20Aug

On August 5 2015, the Financial Conduct Authority (FCA) announced that it had refused an application made by Belfast-based M8 Rates Loans Limited to act as a consumer credit lender. The FCA had previously issued a Warning Notice expressing its concerns about the application, and inviting the firm to make representations. When no representations were received, it published a Final Notice regarding the refusal of the application. The deadline for appealing the FCA’s judgement to the Upper Tribunal has also passed.

M8 had held interim permission from the FCA from April 1 2014. The application for full permission has been refused due to issues regarding the documentation supplied with the firm’s application, and concerns over the competence of its sole director, Neil Green.
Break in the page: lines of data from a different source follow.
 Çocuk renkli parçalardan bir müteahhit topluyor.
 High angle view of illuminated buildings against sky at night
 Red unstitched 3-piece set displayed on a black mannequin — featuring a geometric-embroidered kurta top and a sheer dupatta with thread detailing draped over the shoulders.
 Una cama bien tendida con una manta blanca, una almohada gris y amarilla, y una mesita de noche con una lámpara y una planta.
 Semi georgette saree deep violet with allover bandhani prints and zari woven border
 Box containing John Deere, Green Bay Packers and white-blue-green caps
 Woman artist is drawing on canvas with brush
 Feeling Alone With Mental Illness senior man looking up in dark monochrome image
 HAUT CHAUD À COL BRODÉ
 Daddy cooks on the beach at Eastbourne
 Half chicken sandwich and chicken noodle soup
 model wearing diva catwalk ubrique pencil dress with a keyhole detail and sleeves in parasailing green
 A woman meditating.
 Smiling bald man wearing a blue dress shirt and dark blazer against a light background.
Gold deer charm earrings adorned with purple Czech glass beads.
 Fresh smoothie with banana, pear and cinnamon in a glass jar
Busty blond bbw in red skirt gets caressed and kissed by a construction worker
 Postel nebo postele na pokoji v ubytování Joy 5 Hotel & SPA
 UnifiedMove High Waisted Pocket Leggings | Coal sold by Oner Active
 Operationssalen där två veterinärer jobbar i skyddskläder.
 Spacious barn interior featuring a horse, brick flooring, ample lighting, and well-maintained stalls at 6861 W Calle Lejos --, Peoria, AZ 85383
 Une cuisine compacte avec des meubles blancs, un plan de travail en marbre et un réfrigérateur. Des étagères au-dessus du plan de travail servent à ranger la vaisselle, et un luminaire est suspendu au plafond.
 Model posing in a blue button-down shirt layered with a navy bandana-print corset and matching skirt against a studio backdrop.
Issues the FCA has with M8’s application include:

• The example credit agreement provided did not contain all the information required under the Consumer Credit (Agreements) Regulations 2010
• No procedure for dealing with customers in arrears was provided
• No clear indication of how vulnerable customers would be identified was provided
• No application was made for any individual to carry out the post of Money Laundering Reporting Officer. This role is a requirement for all authorised firms
• Mr Green has no previous financial services experience, and other than conducting reading and research in his own time, has not committed to any formal training
• The application indicates that the firm has failed to understand the meaning of ‘approved persons’, confusing this term with potential customers
• The application incorrectly stated that the firm intended to engage an appointed representative, indicating that it had misunderstood the meaning of this term
• Examples of promotional material stated that the firm was authorised by both the FCA and Office of Fair Trading (OFT), did not contain a representative APR and only described the benefits of the relevant products and not the risks and downsides. The OFT in fact ceased to exist in April 2014, so it is not possible to be authorised by both bodies

Firms still preparing their consumer credit applications should take note of the reasons why this application was refused, and ensure that their applications fully address all of these issues.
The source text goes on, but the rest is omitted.